Exploratory data analysis” is an attitude, a state of flexibility, a willingness to look for those things that we believe are not there, as well as those we believe to be there. - John W. Tukey
Tukey, a mathematician and a pioneer who first coined the term Exploratory Data Analysis(EDA). This is a very important step regarding the analytics process, it helps us to make sense of our data. Before performing a formal analysis, it is very valuable (probably essential) to explore a data set. No first models should be done without a proper EDA. This will help us, for instance, to better understand the patterns within the data, detect outliers or anomalous events, find interesting relations among the variables.
Exploratory Data Analysis is a critical component of any analysis they serve the purpose of:
- Get an overall view of the data
- Focus on describing our sample – the actual data we observe – as opposed to making inference about some larger population or prediction about future data to be collected
- Identify unusual cases and extreme values
- Identify obvious errors
- As an end in itself
Saying so, take a mass of raw data and condense it in some useful manner. :)
how we can perform exploratory data analysis?
Remember, to start we need to begin by looking at the variables one by one. If we were domain knowledgeable about that, we would check to see if the data values conform to how they usually behave. If we are not very knowledgeable about how the variables in the dataset behave, we will need to take a naive approach to the data and examine it for striking values and patterns. Saying so, let's continue...
Hit! Data Types - Why do we bother with a taxonomy of data types?
For the purposes of data analysis, the data type is very important to help determine the type of visual display or model do create.
Let's stay simple, there are two basic types of structured data: numeric and categorical.
- Numeric data comes in two forms:
- Continuous, where the data that can take on any value in an interval, derives from the property that the ‘distance’ between adjacent points is the same throughout the scale.
- Discrete, where data that can take on only integer values, such as counts.
- Categorical data:
- Nominal, in which numbers are used simply to distinguish between different properties (for instance the marital status or the state name (Arizona, California, etc.)
- Ordinal, in which the numerical values serve to place categories in some meaningful order. ( for example, Customer Satisfaction Scales. )
Let's check some examples:
Summarizing Categorical Variables
Imagine that you wanna know: What is the percentage of customers that uses credit card (CC) as payment method?
Explore first displays information about missing data. Here all 1477 cases had valid values for the Payment Method (PAYMTD) variable.
A frequency analysis provides a summary that indicates the number and percentage of cases falling into each category of a variable. To represent this information graphically we use bar or pie charts. For instance, in this particular sample we can see tha ~ 58% of the sample uses credit card (CC).
Summarizing Numerical Variables
Non Graphical exploratory data analysis is the first step when beginning to analyze your data as part of the general data analysis approach.

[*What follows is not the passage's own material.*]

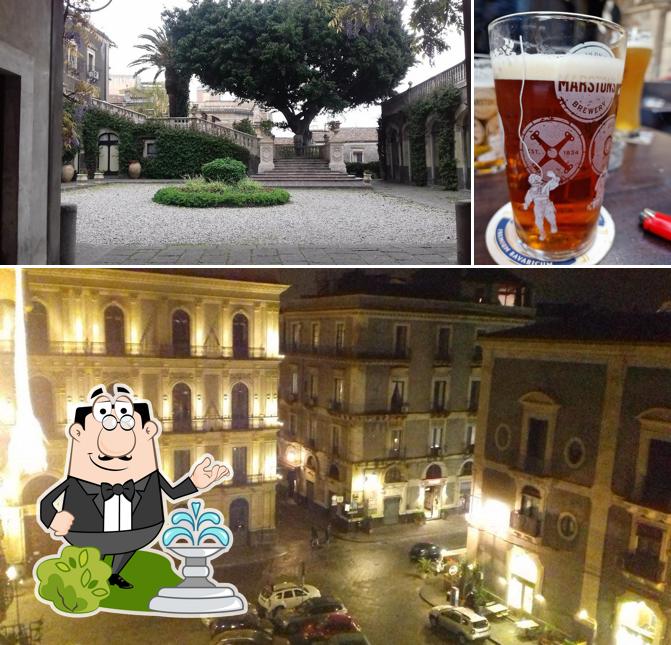 La foto della esterno e cibo di The Boozer British Pub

This preliminary data analysis step focuses on some points that include include:
- measures of central tendency, i.e. the mean, the media and mode,
- measures of spread, i.e. variability, variants and standard deviation,
- the shape of the distribution.
Regarding the shape of distribution, Populations with the same mean and standard deviation can still have distributions with very different shapes.
For the variable Local Calls we can check that this distribution has a strong positive skewness, we can state that by looking to the values of skewness (2.3) but also to the shape of the histogram on the right side of the image.
Another type of visual that can be very useful is the boxplot, they are usually the first look at distributions of continuous variables.
A box that stretches from the 25th percentile of the distribution to the 75th percentile, a distance known as the interquartile range (IQR). In the middle of the box is a line that displays the median, i.e., 50th percentile, of the distribution. These three lines give you a sense of the spread of the distribution and whether or not the distribution is symmetric about the median or skewed to one side. Another point that can be useful is the identification of outliers, in this case we notice that there are some outliers in this sample and if we want to go further the step of data analysis we should consider how to deal with this.
Remember that exploratory data analysis is a necessary and informative step in any data analysis. And the nice thing about these exploratory work is that you can explore kind of basic questions and hypotheses. And, by looking to this you also can identify useful modeling strategies for the "next step".